What a strange sensation that is — the moment when you realize that you're no longer upright and yet also not yet back on the ground, that brief flight, that joyless soar. And then the brutal truth of impact, and all of this in only two or three seconds where you know it's happening but there's little to be done but try to minimize damages. Amazing, also, that in this oh-so-brief flash of time — which feels like a slow-motion explosion — that you can move your body (somewhat) in order to ease the landing.

Anyway. My love affair with autumn leaves is over.
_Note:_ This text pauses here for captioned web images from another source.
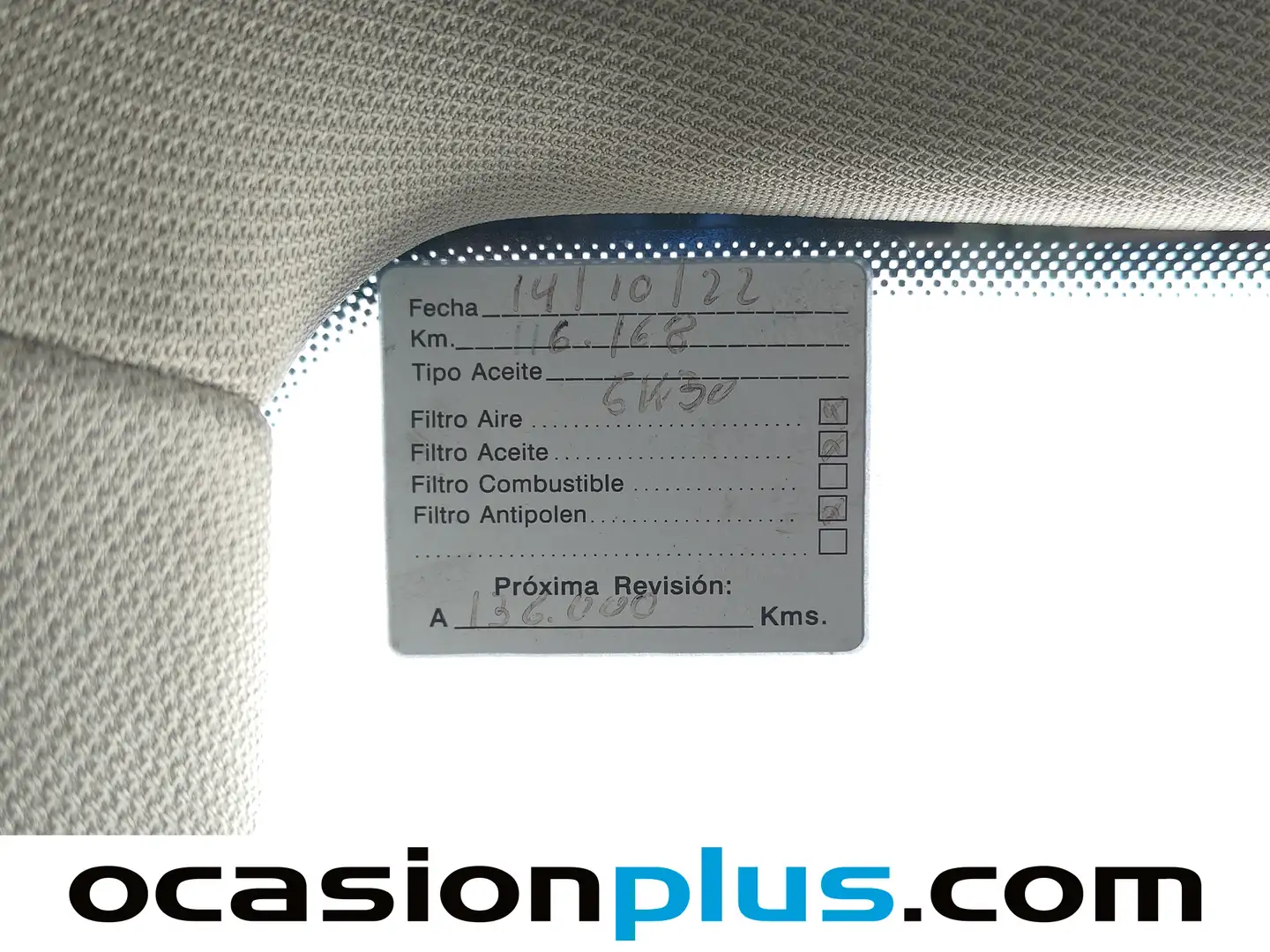 Foto Audi A3 Audi A3 2.0 TDI (140 CV)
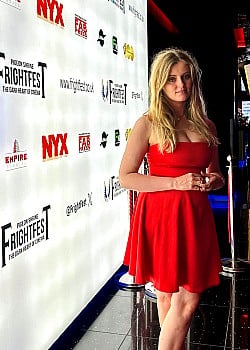 Aimee Richardson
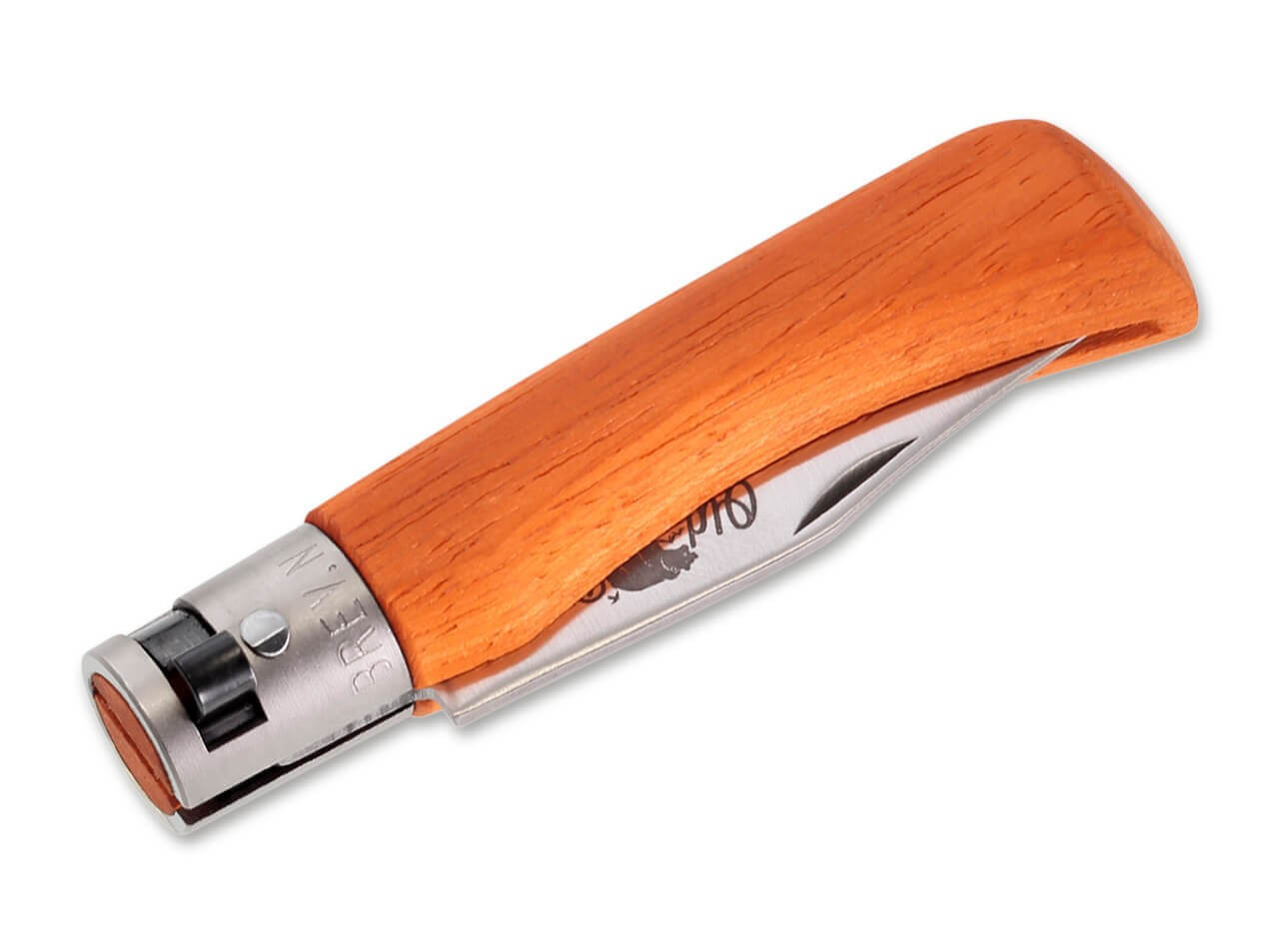 Full Color XS Orange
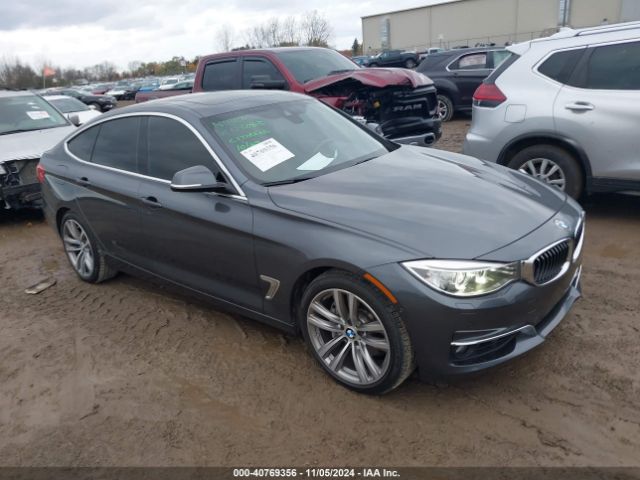 bmw 335i 2016 wba3x9c54gd869883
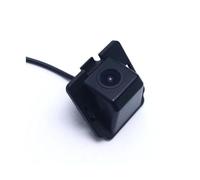 SPAMFAFGHQ Reversing Camera For Mitsubishi For Outlander GT 4WD 2006-2015 CCD Night Vision Reverse Hole Rear View Backup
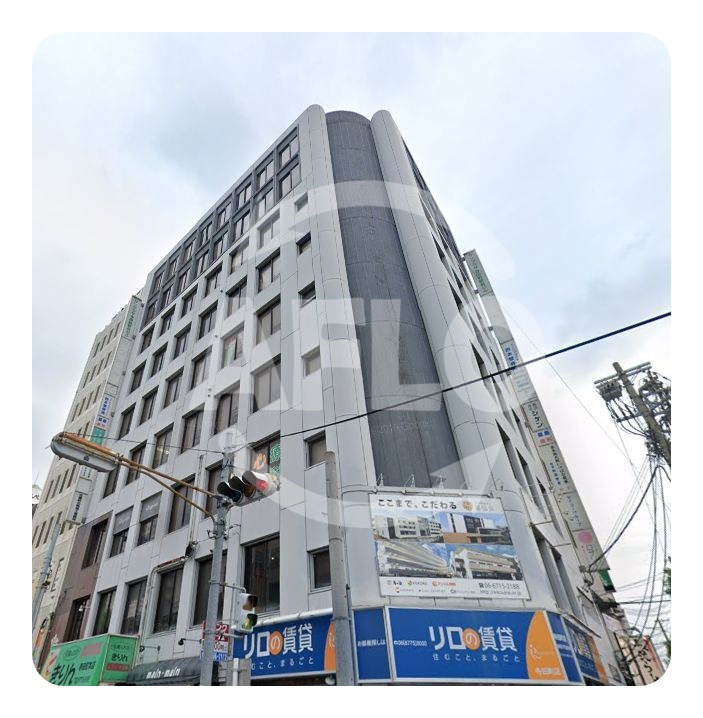 サンプラザ寺田町駅前ビル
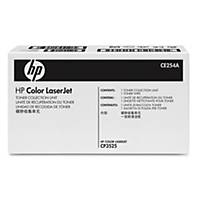 Kit de récupération HP CE254A color LaserJet pour toner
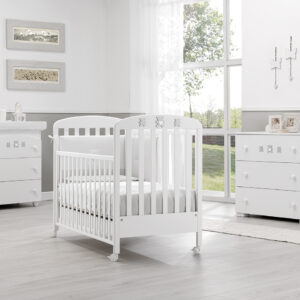 ERBESI Lettino+Piumone Collezione Molly - immagine 3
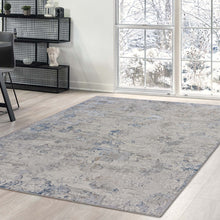Bradford 95 Lt.Grey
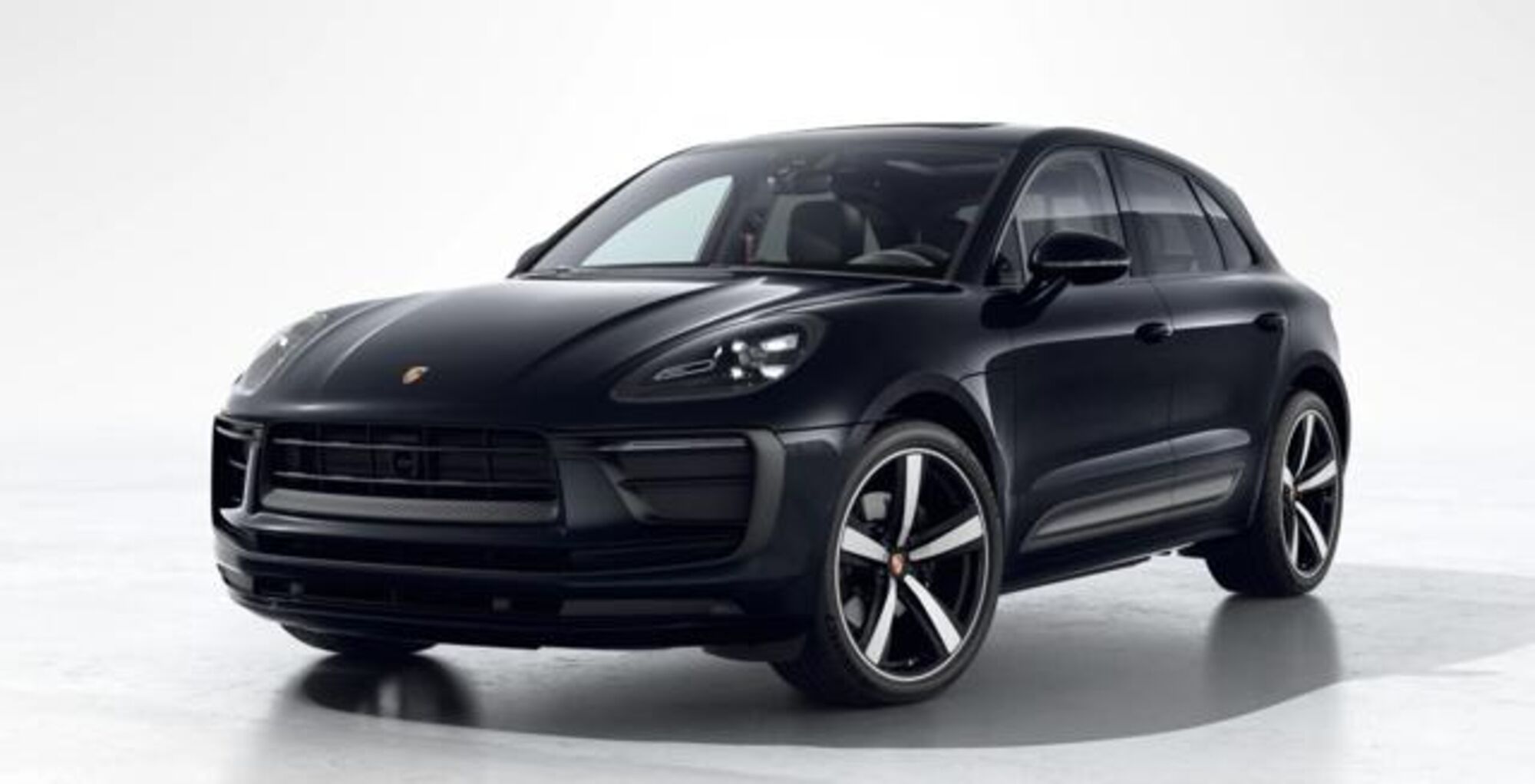 Porsche Macan 2.0 265cv pdk nuova a Livorno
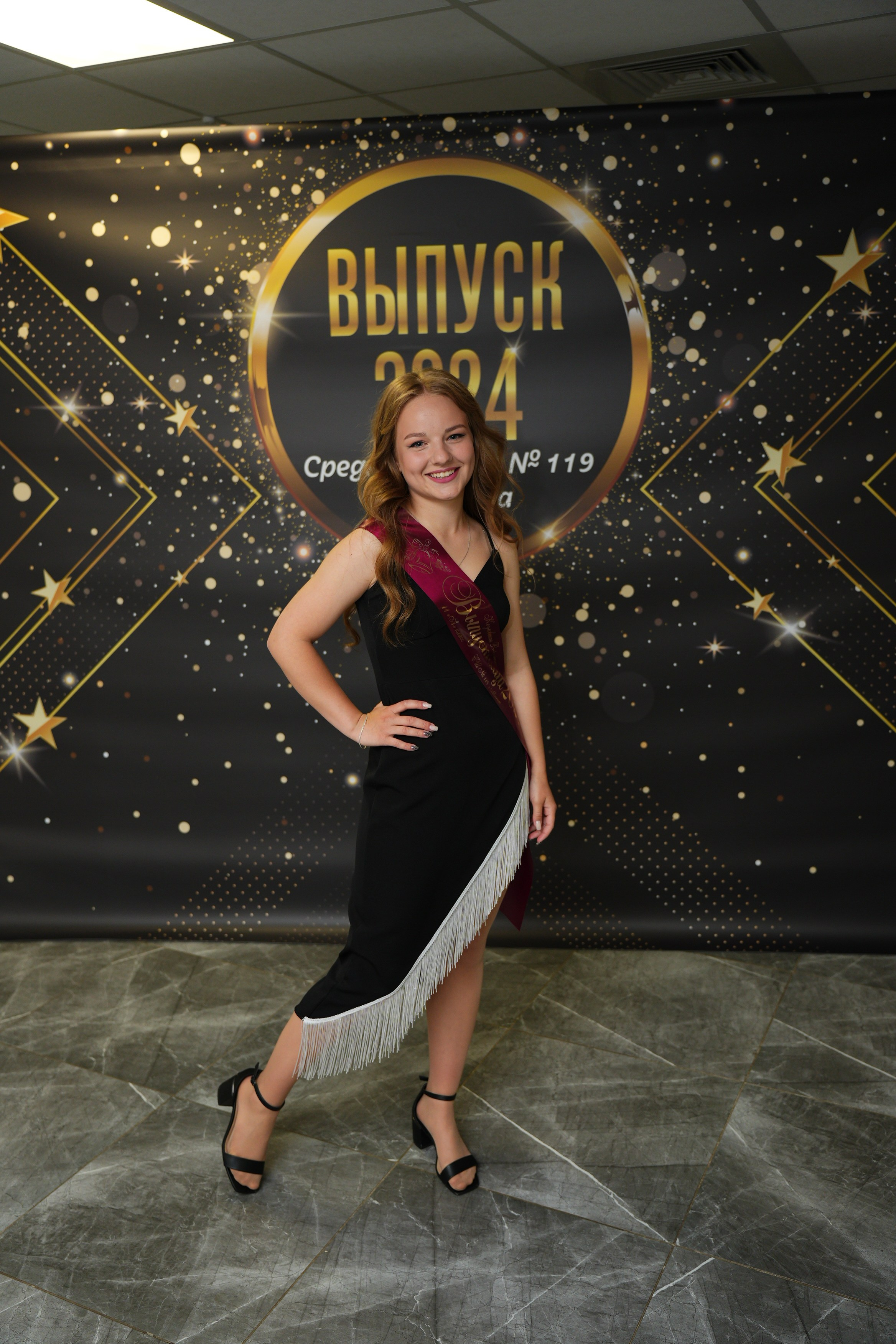 Выпускной СШ119. Семейный и свадебный фотограф Минск, Беларусь Анна Орловская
My son helped me remove the bits of dirt and gravel from my forehead gash — no easy task. What we really needed to do was use a scrub brush, but I just couldn't bring myself to endure that. The stuff was seriously embedded. OUCH.

Turn Over A Leaf

Facebook has been overrun with autumn leaf imagery of late; and while I want to shout "Halt! Cliché!"— I must remind myself that there are no cliché images in nature, and that it's the redundancy of social media posts that wears down my usual sense of awe. Better to get out in it, as I made myself do this morning by walking to work instead of opting for laziness via automobile. And anyway, don't you find the undersides of leaves perhaps even more intriguing just by the nature of their understated nuances? No shouting here —

Tuesday, November 4, 2014

Pilfered Apples

Every morning on my way to work, I step into a forbidden yard and gather the day's accumulation of yellow apples, wet on the grass, some worm-pocked, some rose-blushed. It seems no one else but me commits this small theft from the yard where the garage tilts dangerously to the right and the roof on the house is sparsely tar-papered. Once I saw a woman sweeping the front steps, but apart from that, there's little activity.  I fully expect to be shouted-off the property some morning, but until then, and until the season has given the last fruits of its harvest, I intend to fill my canvas bag with enough apples to weigh me down, slow me down not enough to cause alarm, lugging my appled-self the last half-mile to a an honest day's work.

Monday, November 3, 2014

...and just like that, we're swept into the darkness and rains of autumn; it always seems to happen while I wasn't paying attention for, oh, I don't know, a minute or two. Yes, yes, thankful I am for this rain which descends like a magic everywhere-waterfall from the sky, turning the gutters into little rivers that carry away October's red leaves like tiny ships, gone, gone, gone to November. At night the rains pelts the slanted roof just inches above my head, and I go to sleep with the lullaby of it, snugged-in among pillows and quilts, hoping to wake to one of the cats at my feet.